2. Environmental Protection and Biodiversity Conservation (Standards and Assurance Bill) Amendment 2021 (Cth)

This bill proposes to amend the EPBC Act to establish a framework for the creation of NES and the creation of an Environmental Assurance Commissioner (Commissioner).

If passed, the implications will be that the NES will be established as a regulation of the EPBC Act, and the Commonwealth Environment Minister will have the power to amend or revoke the NES. The effect will be that the environmental assessment and approval process accredited under bilateral agreements must not be inconsistent with the ESS, and a person making a decision or taking an action under the EPBC Act must be satisfied that the decision or action is not inconsistent with the NDA.

Although on its face this would reduce regulatory overlap and improve the use of bilateral agreements, it could cause difficulties where there is a difference in approach between Commonwealth and State or Territory environmental laws. in matters where responsibility is shared, including with respect to endangered species. and compensation schemes. In the short term, this could lead to further delays in projects and a temporary increase in the “green band”, as the standards that the NES will replace could vary widely from jurisdiction to jurisdiction. However, once the ESS is established and applied over time, it will result in less regulatory duplication and greater certainty for project proponents.

Consequences

It will be interesting to follow the evolution of these bills in Parliament and to see how the recommendations of the Samuel report translate into practical reforms of the EPBC law; and finally, whether these reforms will produce the desired result in reducing regulatory duplication and removing unnecessary red tape. It will perhaps be more interesting to see how this is received by the many stakeholders involved in the review process and the balance our new EPBC Act will strike between reducing green bureaucracy and encouraging development while protecting Australia’s environment, which is in a dire state. of decline.

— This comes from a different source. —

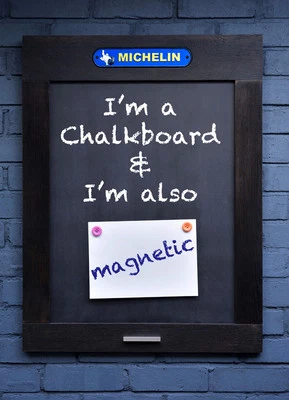 Blackboard, chalkboard or menu board made from oak wood & vintage Michelin sign - Image 1 of 4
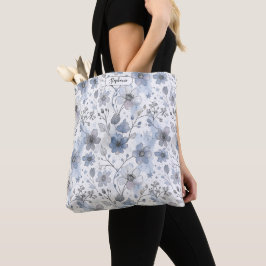 Bolsa Tote Delicate Lavender Blue Floral Personalized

In addition to providing stand-alone strategic environmental advice, our Perth team also works closely with our Australian corporate teams to provide due diligence on environmental issues and approvals. We advise on environmental legal risks both at the Commonwealth level, including matters arising under the EPBC Act, and at the State and Territory level in various jurisdictions. If you are concerned about the impact the proposed changes to the EPBC Act may have on your business or project in Australia, please contact our team.